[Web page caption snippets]
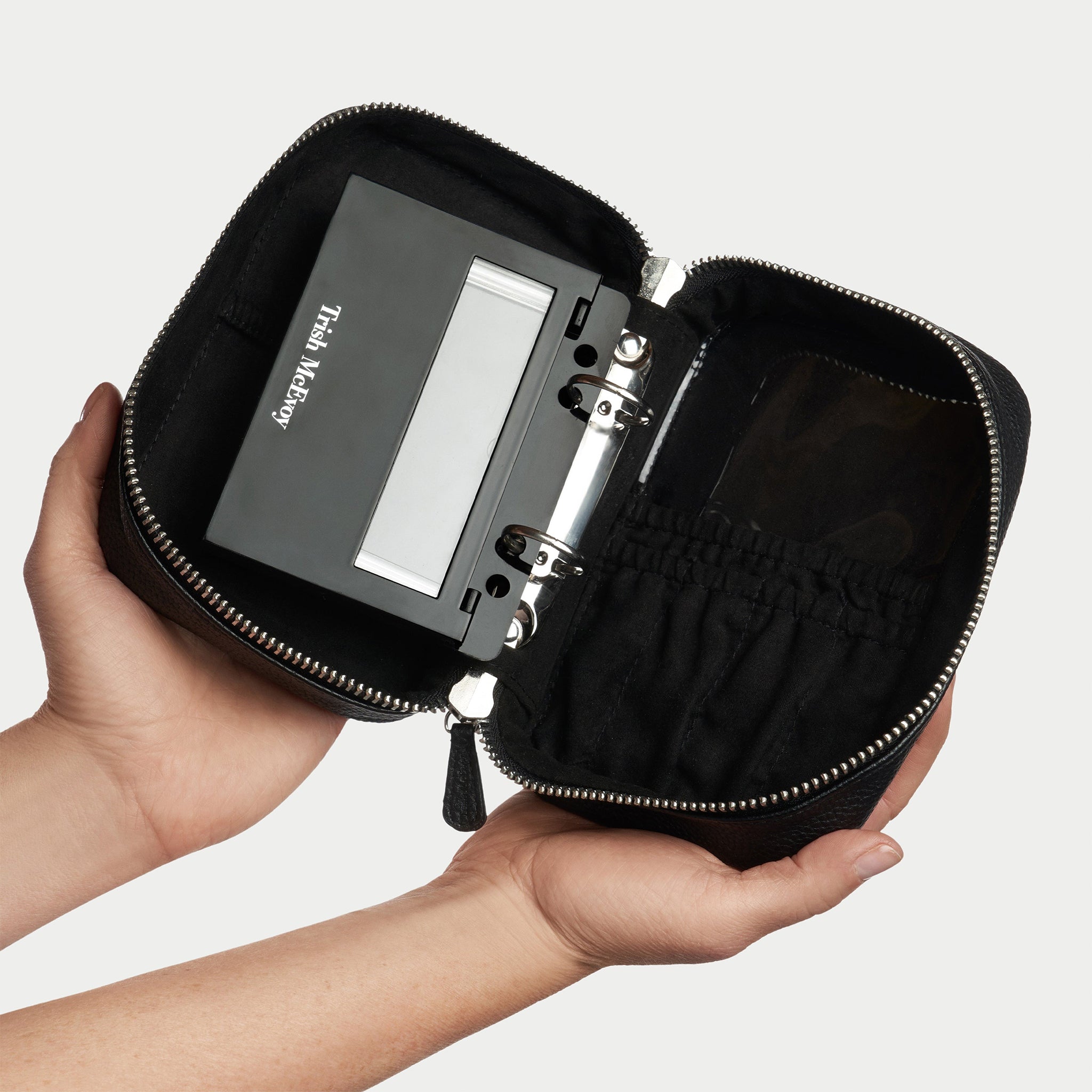 Black leather travel case with zipper on a light gray background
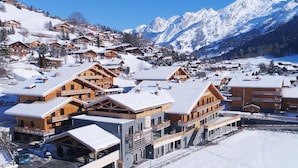 A snow-covered mountain village with wooden buildings, a ski slope, and a clear blue sky.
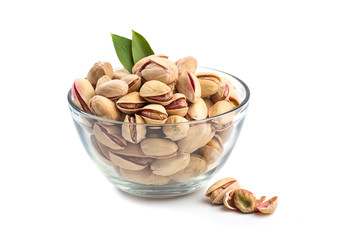 Pistachios in Glass Bowl on white background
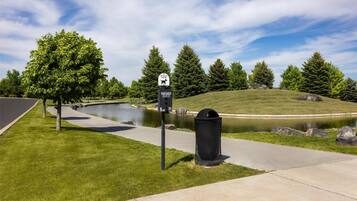 A pet waste station with a sign, a trash can, a pond, and a grassy area with trees.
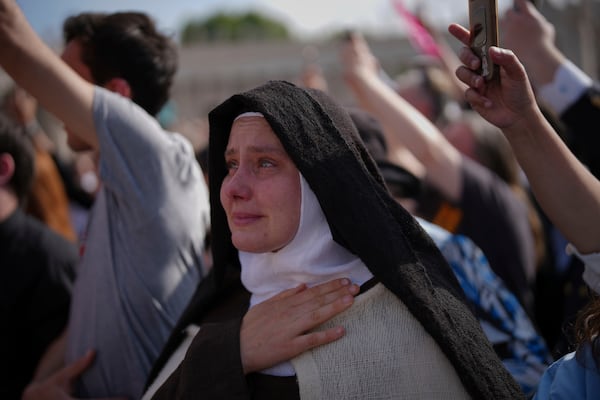 A nun cries as the body of Pope Francis is carried into St. Peter's Basilica at the Vatican, Wednesday, April 23, 2025, where he will lie in state for three days. (AP Photo/Emilio Morenatti)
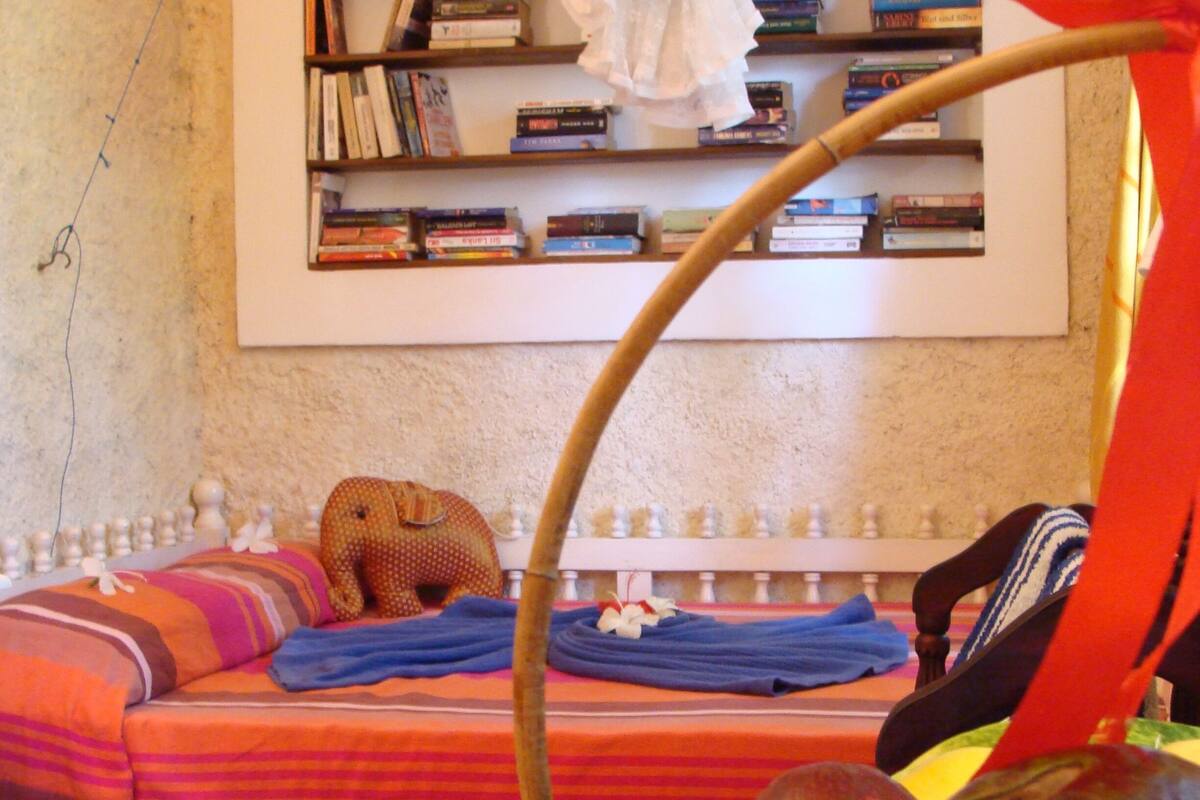 A room with a bed, a bookshelf, and a fruit basket.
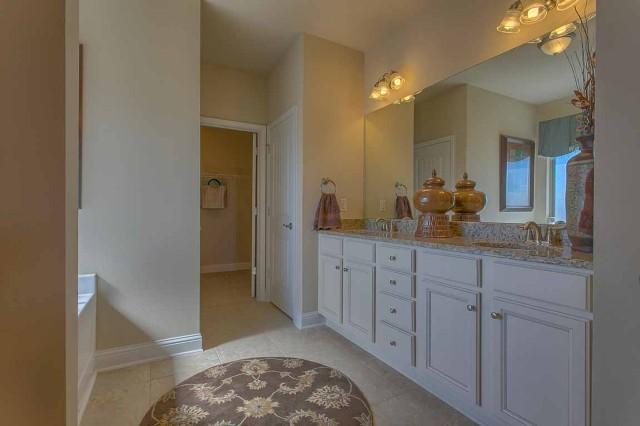280 Maddox Street Santa Rosa Beach, FL 32459 - Photo 11 of 20 a spacious bathroom with a sink a mirror and a shower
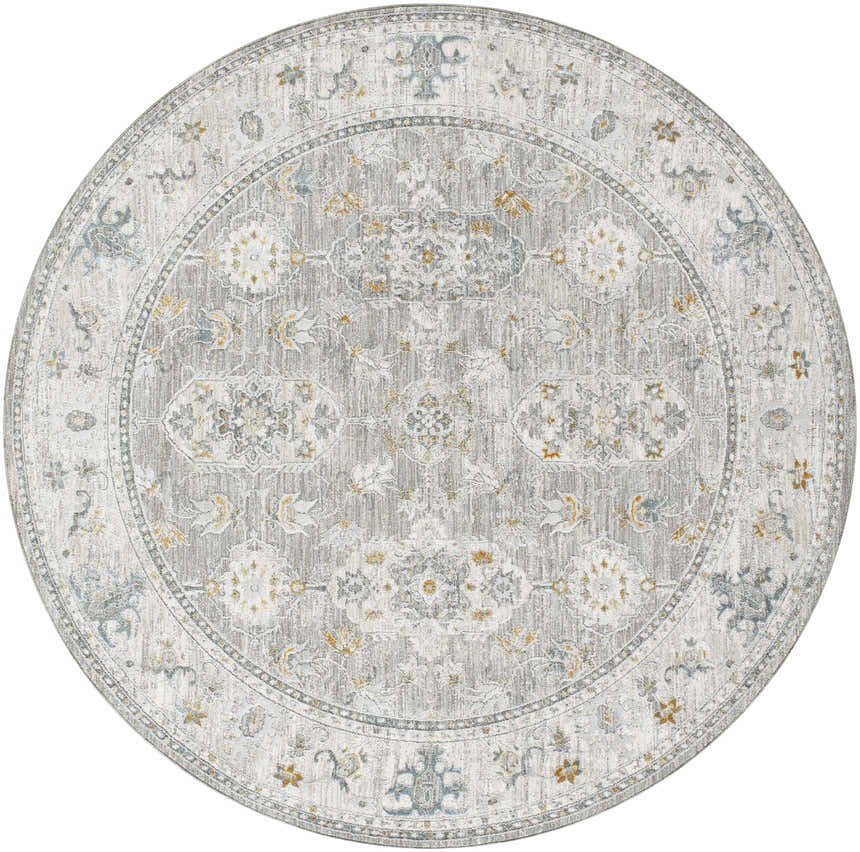 Close-up of the round Hafsa Textured Rug. Gray, nutmeg, and blue floral pattern on a light gray background. Design-Round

TRY IT: Repeat the records word for word. Any picture in them should be left out.

SOLUTION FOR THIS TASK:
 Black leather travel case with zipper on a light gray background
 A snow-covered mountain village with wooden buildings, a ski slope, and a clear blue sky.
 Pistachios in Glass Bowl on white background
 A pet waste station with a sign, a trash can, a pond, and a grassy area with trees.
 A nun cries as the body of Pope Francis is carried into St. Peter's Basilica at the Vatican, Wednesday, April 23, 2025, where he will lie in state for three days. (AP Photo/Emilio Morenatti)
 A room with a bed, a bookshelf, and a fruit basket.
280 Maddox Street Santa Rosa Beach, FL 32459 - Photo 11 of 20 a spacious bathroom with a sink a mirror and a shower
 Close-up of the round Hafsa Textured Rug. Gray, nutmeg, and blue floral pattern on a light gray background. Design-Round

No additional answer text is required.